Right behind the house, and not far from the house where I grew up, all of a quarter-mile away, the Youngstown and Southern Railway line passes through. Bruce and I walked the tracks down to the woods where we used to look for fossils, build forts, catch minnows, and pick blackberries. The tracks are in bad shape now, sagging into rotting ties. Yet every so often, the train lumbers along slowly, carrying construction debris. A railroad that time forgot. And I was good with that, as Urb and I retraced our childhood exploits.
I finished seventh grade in Columbiana before our family left town. The school combined junior and senior high school in one dingy brick building.
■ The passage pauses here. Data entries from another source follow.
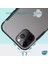Apple iPhone 12 Pro Max Kılıf Frosted Frame Kırmızı 3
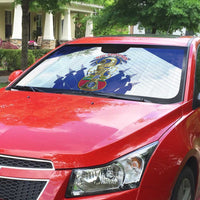Les Grenadiers Haiti Football Auto Sun Shade 2026 Nou Retounen White Version - Wonder Print Shop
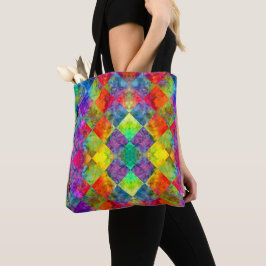 Bolsa Tote [Harlequin Tie-Dye] Diamond Fractal Verificado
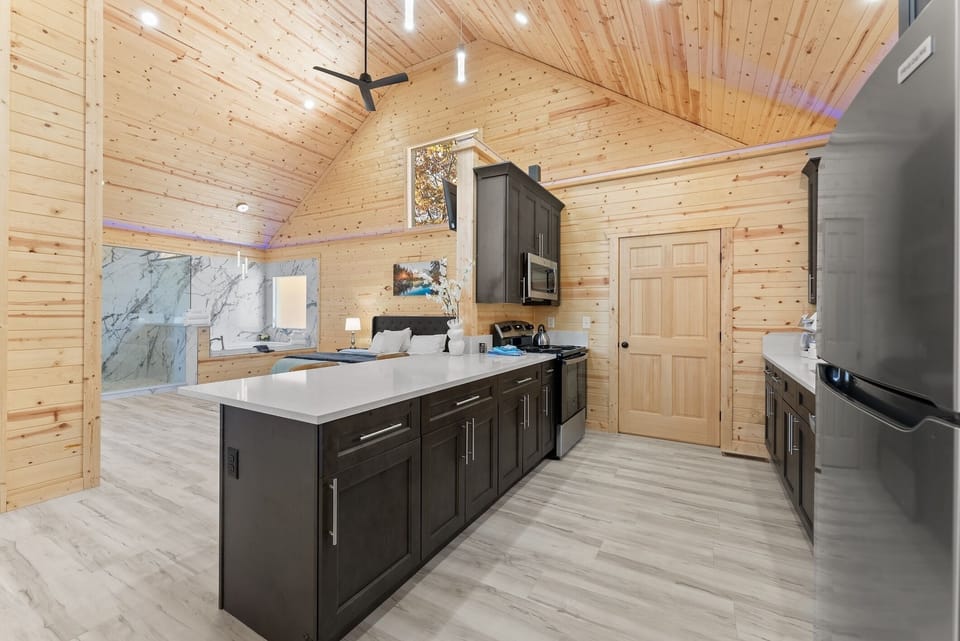 All Wood Cabin Feel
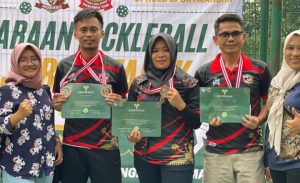 Raih Perunggu Atlet Pickleball Kabupaten Indramayu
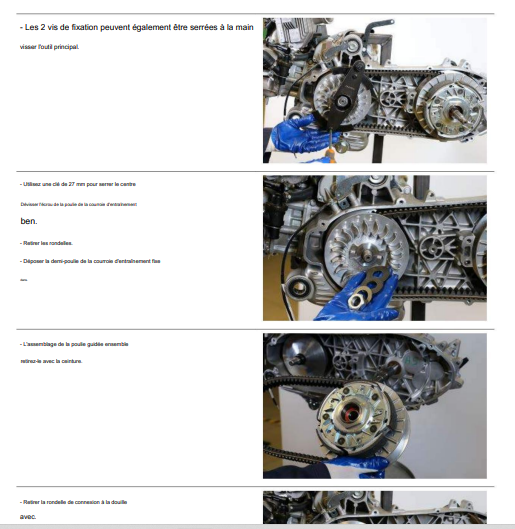 Manuel d'atelier Piaggio MP3 530 HPE 2022 français { {{ Docautomoto }}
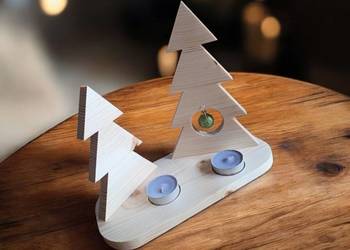 Dekoracje świąteczne - drewniane choinki - możliwość personalizacji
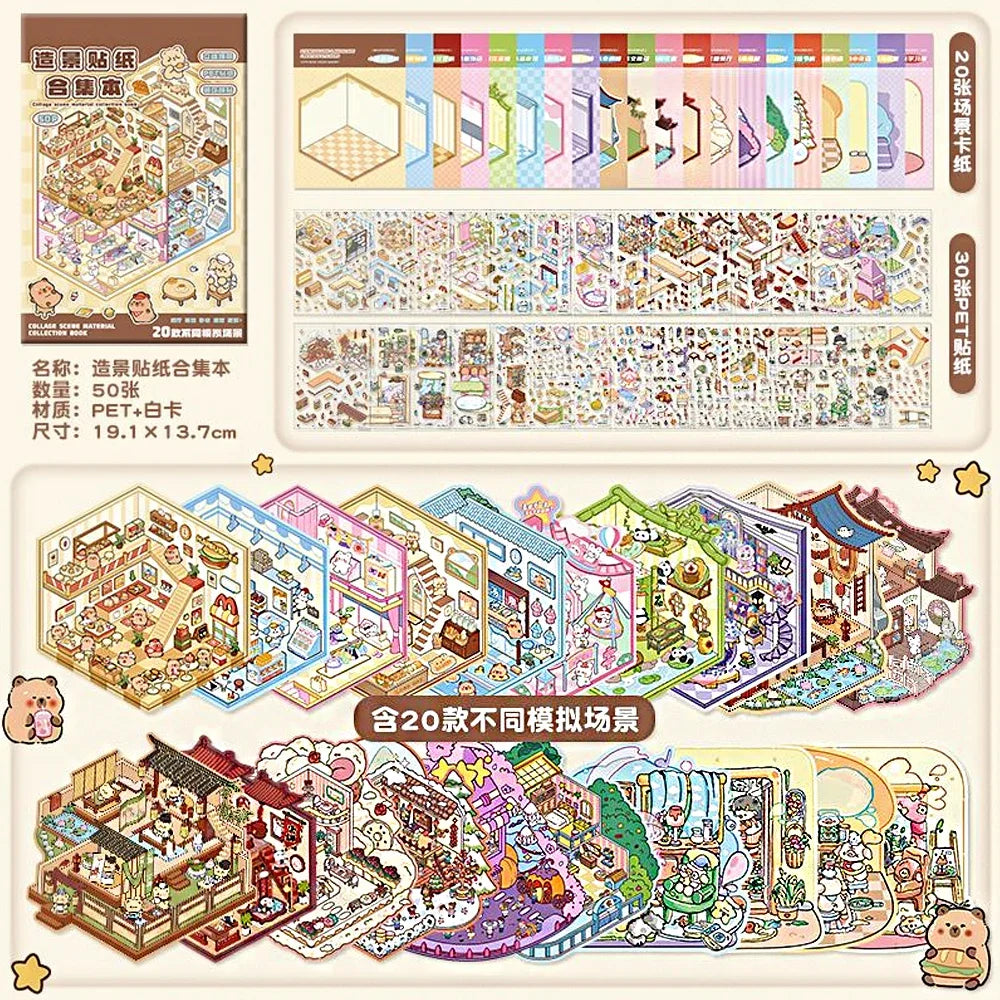 Brown Capybara Booklet (20 in 1)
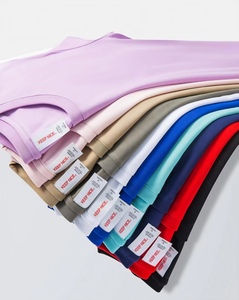 T-shirt d'été pour homme 200G en Sorona Dupont avec technologie rafraîchissante, col rond, respirant, infroissable, uni, décontracté, personnalisable avec logo, vente en gros - Product Image 3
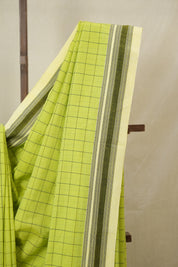 Parrot Green Cotton Ilkal Saree - SRPGCIS916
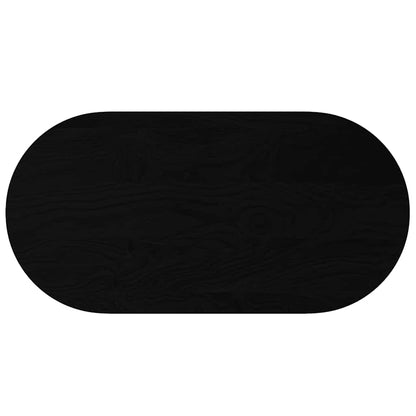 Table Top Dark Brown 120x60x2 cm Solid Wood Oak Oval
It has been replaced by a better facility at the edge of town. The grim old edifice, close to the center of town, is now occupied by an evangelical Christian school. Returning to the town after only a few short visits since my childhood, I realized that the geography of my subconscious mind is a mirror of the town’s layout and features.
There weren't a lot of compelling distractions in Columbiana. So regular visits to the town library were a big deal. Bruce and I read books and talked about them together. On the way home from school, before going our separate ways, we'd stop at a big rock sitting near a street corner, each of us putting a foot on it, continuing our speculative conversations about the nature of the universe. The muggy Midwestern air hovered over the town like a lid on a pot, simmering its contents. A great place to develop rich interior lives, which Urb and I have cultivated ever since.
Columbiana makes sense to me.
Columbiana makes sense of me.
If you want to know me, take a walk along its streets, some of them still revealing the original bricks under the asphalt.
I grew up there with kids who thought I was exotic because I was born in California. Kids who had never even been to Pittsburgh or Cleveland, 75 miles away. And had no apparent urge to do so. Everything essential for them was there. They were each other’s people, having been there for generations. Urb’s family tree of town denizens leans all the way back to shortly after its founding in 1803. Urb is Columbiana: all the way in, all the way down.
Columbiana, small as it was, did not feel stifling to me. Nobody I knew locked the doors of their houses. We kids ran free in the woods, along the tracks, in the park, until Mom rang the dinner bell. Columbiana did not exist behind a wall. It had no clear boundary. It blurred into the countryside around it.
Columbiana is the navel of its own universe. The center of the town is a circle around which traffic flows north, east, south, and west. It has its own subtle gravity holding it together and drawing people back into it. A gravity that attracted me to make my summer visit. It was as if I had a trace of iron in my solar plexus that picked up the town’s magnetism.
It is hard to wrap one’s mind, much less one’s soul, around a big city. I lived in Los Angeles for years and loved it, but LA was never myself the way Columbiana was myself. Unlike Cleveland and Pittsburgh, you can carry Columbiana in your pocket and rub it between your thumb and forefinger. Columbiana carries you in its pocket and rubs you between Highways 7 and 14.
My self-conception included Columbiana. Once a person learns how to drive a car, its wheel becomes an extension of the driver’s body. Columbiana was the natural extension of my body. I didn’t just live in Columbiana. I lived Columbiana.
I’ve been carrying the town with me, driving it around the country, around the world, for 57 years. When I visited it this summer, a fractal dimension of the town was returning to itself. Columbiana’s trees were already lining my neural pathways, so seeing them along the streets stimulated within me an uncanny sensation. Every step I took was strangely self-referential.
Through my childhood in Columbiana, I developed personhood, and gained placehood as well. From the circle in its center, I have gone north, east, south, and west, far into the wide world. By Columbiana I am oriented… wherever I may go.